This article is a continuation of the series discussing when a diagnostic wax-up (DWU) should be completed. It will cover when to prescribe a wax-up in cases that require restorative and periodontal or implant procedures.
DWUs may be fabricated pre-periodontal treatment when two different scenarios exist. The first is when there are no existing restorations in place, and the second is when restorative treatment was previously completed.
- If the periodontal treatment involves crown lengthening or root coverage procedures, first establishing the ideal incisal edge position is recommended. Once the incisal edge position is determined, the gingival level is established based on tooth proportion desired (length to width). If interim or definitive composite restorations are planned to restore the incisal edges, prescribe an additive wax-up pre-treatment. The matrix made from the wax-up is then used clinically to establish the incisal length. After the teeth are restored, an impression is made to fabricate a cast.
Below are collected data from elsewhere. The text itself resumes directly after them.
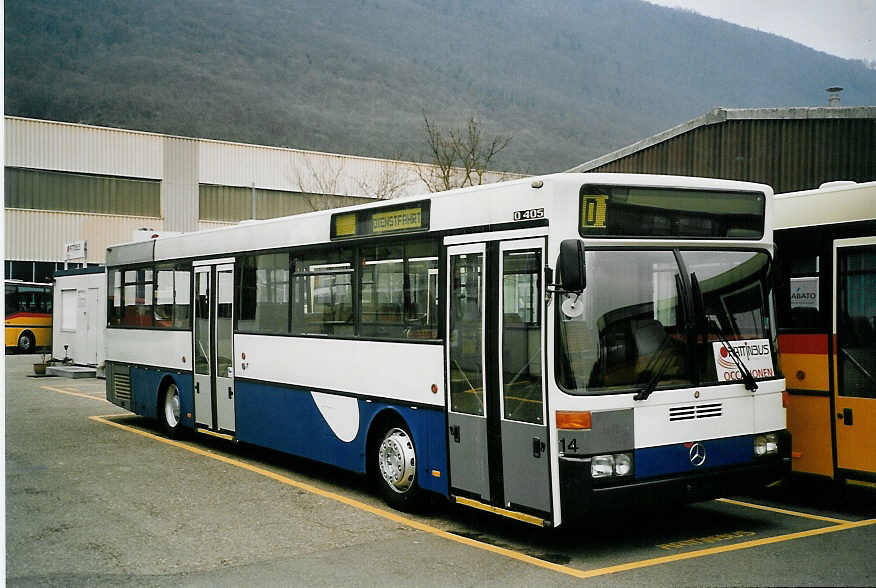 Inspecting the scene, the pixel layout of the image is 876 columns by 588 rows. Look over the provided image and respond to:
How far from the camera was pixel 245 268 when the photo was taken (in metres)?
12.8

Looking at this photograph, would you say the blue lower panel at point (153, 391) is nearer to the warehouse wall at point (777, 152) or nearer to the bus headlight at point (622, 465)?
the bus headlight at point (622, 465)

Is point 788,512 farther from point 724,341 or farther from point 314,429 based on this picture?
point 314,429

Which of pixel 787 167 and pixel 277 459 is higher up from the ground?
pixel 787 167

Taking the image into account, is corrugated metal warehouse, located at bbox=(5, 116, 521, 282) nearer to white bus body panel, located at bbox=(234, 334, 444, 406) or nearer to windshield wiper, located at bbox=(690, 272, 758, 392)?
white bus body panel, located at bbox=(234, 334, 444, 406)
An overlay surgical guide can then be made on this cast if desired.
- A diagnostic wax-up is recommended in cases where existing crown restorations will be replaced and periodontal surgery is planned to change gingival levels to resolve a biological width problem through crown lengthening. It is also recommended when crown lengthening is being performed for esthetic reasons. Removing the crown(s) is necessary to determine the structural integrity of the teeth. In either scenario, provisional restorations can be fabricated from a DWU and used to guide the healing of the surgical site. Ideal morphology of the transitional restorations is required. There are two different types of wax-up depending on the surgical approach.
- The DWU is designed to reflect the current tissue level. This type of DWU is used when the old restorations will be removed and provisionals fabricated to the current gingival level. When periodontal surgery is performed, the gingival tissue level is altered based on the incisal edge position. After the tissue heals for four to six months, the teeth are re-prepared and the provisionals relined.
- The DWU is fabricated after the gingival level is altered on the cast to reflect the desired tissue level after periodontal surgery. Because the technician does not know the size, position, depth, or angulation of the roots of the teeth, the tooth form in the gingival third is only an approximation.
If the restorative phase of treatment involves indirect restorations, new impressions are taken four to six months post-surgery. This ensures that the gingival level and papillae are mature and in a stable position. The DWU follows the same protocols as restorative-only treatment.
A DWU may be prescribed before implant placement in both simple and complex cases, as the implant placement is prosthetically determined or outcome-based. The type prescribed is determined by whether the adjacent teeth will be restored.
Teeth adjacent to the implant will not be restored:
- For cases that require implant placement next to natural teeth, the wax-up essentially creates an anatomically correct pontic. A surgical guide can then be made, which is supported by the adjacent natural teeth.
Teeth adjacent to the implant will be restored:
- For cases that require implant placement next to teeth that will be restored, the DWU should be prescribed for all the teeth that will be included in treatment. Preparation and provisionalization of the natural teeth is commonly the best treatment choice if there is significant alteration in tooth position and morphology. A pontic will extend over the implant site. The surgical guide is made to fit on the prepared natural teeth.
Depending on the complexity of the case and number of implants a new DWU may be necessary because of the position of the implant or the tissue level. The DWU should be made on a cast from a tissue-level impression of the implants.